Schwabe

Schwabe

Ein Holdingunternehmen der Entwickler und Hersteller von optischen Geräten

"Schwabe" ist eine innovative Holding, die mehrere Dutzende der Unternehmen vereinigt, die den Kern der optischen Industrie in Russland bilden. Die Unternehmen der Holding verwirklichen den gesamten Produktionszyklus der neuesten optisch-elektronischen und Lasertechnik für nationale Verteidigung, staatliche und öffentliche Sicherheit, zivilen Industriezweige.

Die Holding ist ein Teil der Staatlichen Körperschaft Rostec, die größten Unternehmen von "Schwabe" gehören zum Verband der Maschinenbauer Russlands.

Das ganze Aktienpaket der Holding gehört zur Staatlichen Körperschaft Rostec. Generaldirektor der Holding ist Patrikejew Alexey Pawlowitch.

Geschichte der Holding

Die Geschichte der Holding "Schwabe" beginnt im fernen Jahr 1837. Damals gründete der Neuerer und Unternehmer Fjodor Schwabe ein Handelsunternehmen und Werkstatt zu Verkauf und Herstellung der optischen Geräte in Moskau.

In 1853 nahm die Firma Schwabe zum ersten Mal  an der Allrussischen Manufakturausstellung teil und präsentierte ein großes Teleskop, mehrere Mikroskope, Waage und Sonnenuhr. Das Debüt war sehr erfolgreich: Fjodor Schwabe wurde mit einer großen Silbermedaille ausgezeichnet.

In 1873 wurde das Unternehmen in ein Handelshaus "F. Schwabe" und in 1912 in eine Aktiengesellschaft  F. Schwabe" umgewandelt.

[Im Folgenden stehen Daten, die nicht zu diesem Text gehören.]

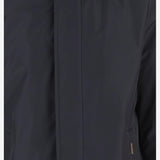 GIUBBOTTO LUNGO IN MISTO SETA MOUGI101226 U0497 MOORER 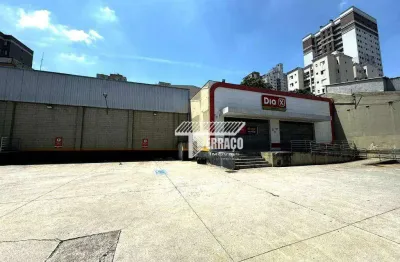 Galpão para alugar, 800 m² por r$ 54.000,00/mês - centro - santo andré/sp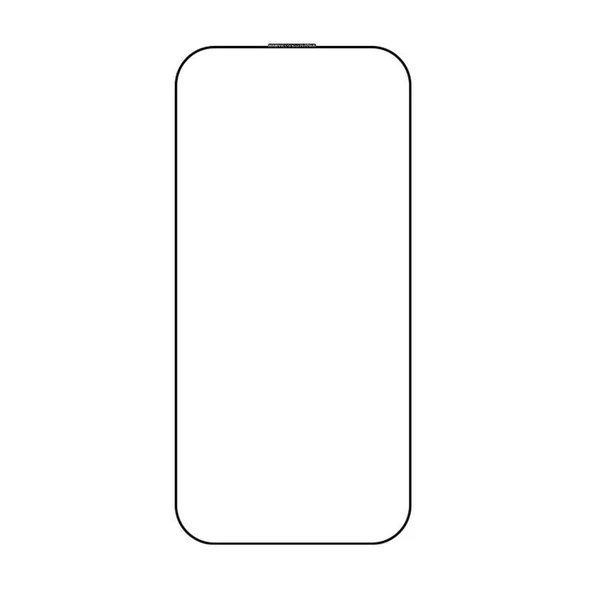 Apple iPhone 16 Zore EKS Cam Ekran Koruyucu - Resim 3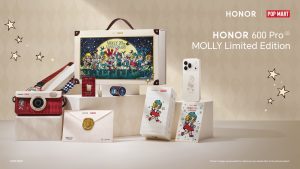 HONOR x POP MART: arriva lo smartphone da collezione HONOR 600 Pro MOLLY Limited Edition 5 HONOR X POP MART 2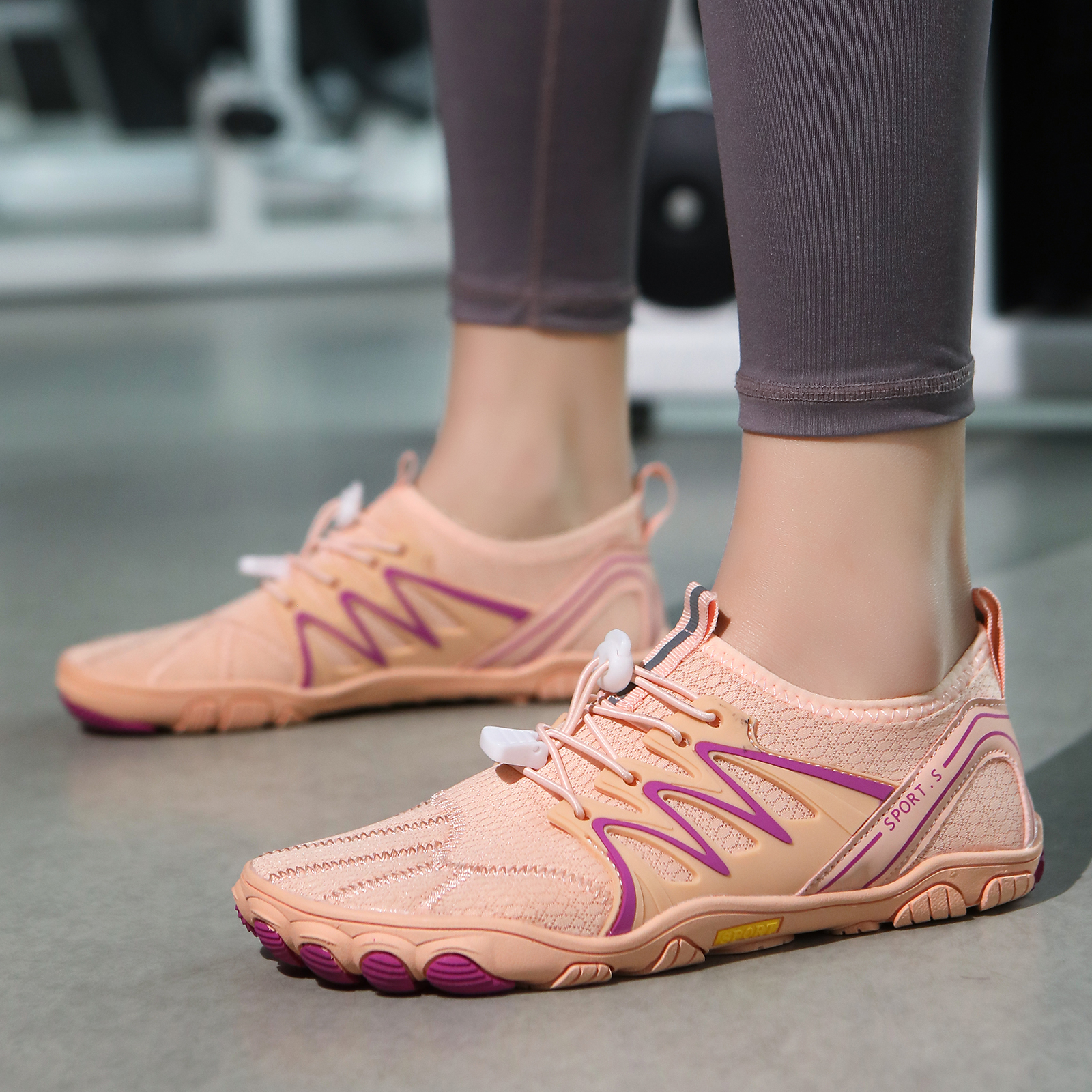Pink Barefoot Water Shoes Unis - Aquatic Gym avis et prix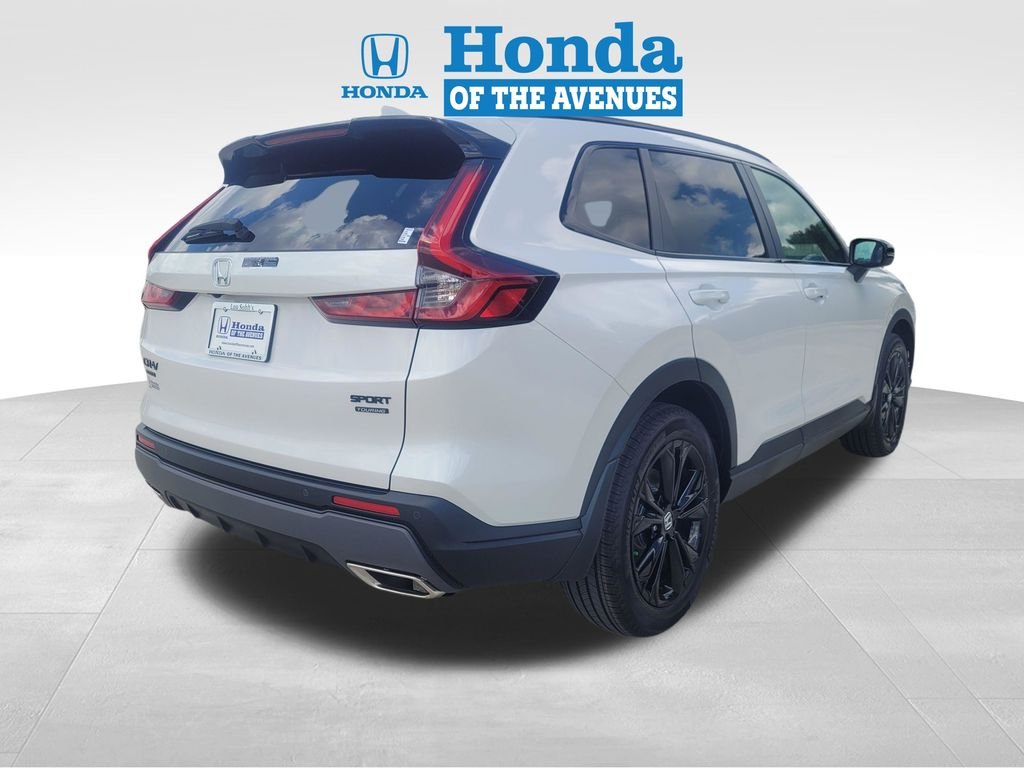 New 2026 Platinum White Pearl Honda Sport Touring image 6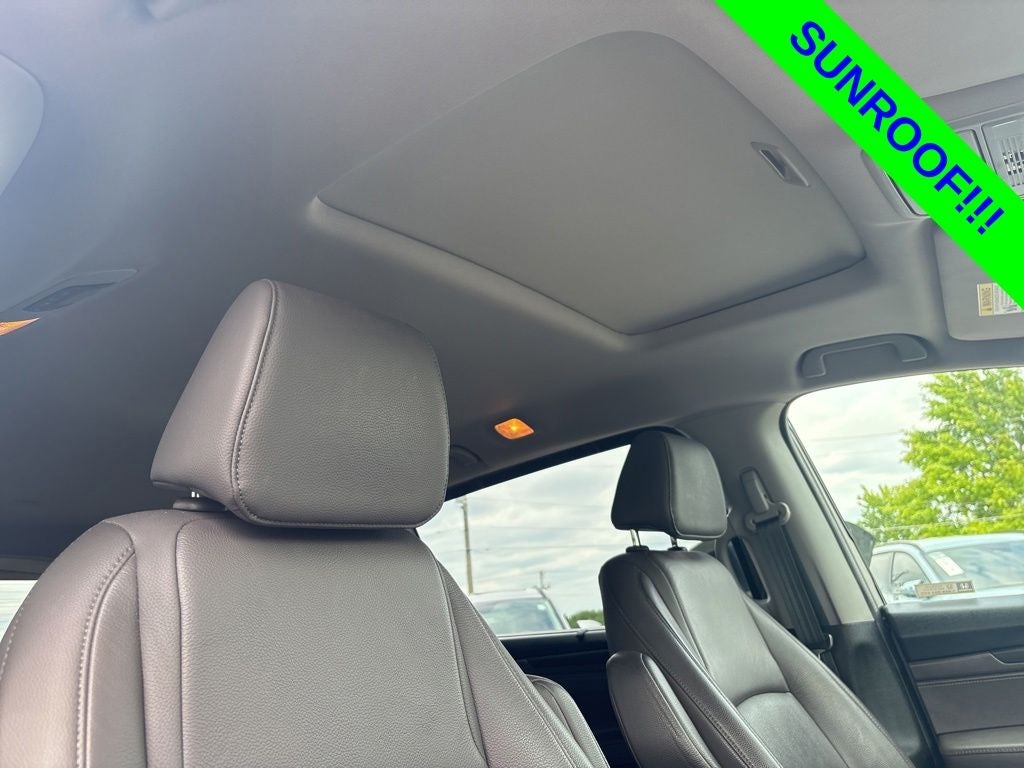 2018 Honda Odyssey EX-L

Die Erzeugnisnomenklatur des Unternehmens überschritt zu diesem Zeitpunkt 4500 Einheiten.

In 1905 unterzeichnete die Regierung unseres Landes die Vereinbarungen über die Eröffnung von Niederlassungen der deutschen Firmen Carl Zeiss und Herz in Riga. Nach dem Beginn des ersten Weltkrieges sind die Werke zum Staatseigentum  geworden und waren aus Riga nach Petrograd evakuiert, wo in 1916 beide Unternehmen vereinigt wurden, und auf ihrer Basis wurde das erste in Russland staatliche optische Werk Petrogradskiy staatseigenes optisches Werk GAU gegründet. Im folgenden Jahrzehnt hat das Unternehmen seinen Standort mehrmals geändert: Woronezh, Perm, Podolsk und schließlich die Siedlung Banky in Pawschinskiy Gemeindebezirk im Moskauer Kreis.

In 1917 wurde AO "F. Schwabe" in AO "Geofisika" umgewandelt. Am Ende 1919 wurde das Unternehmen verstaatlicht. Die Hauptspezialisierung des Werks war die Herstellung von geodätischen Werkzeugen und Mikroskopen.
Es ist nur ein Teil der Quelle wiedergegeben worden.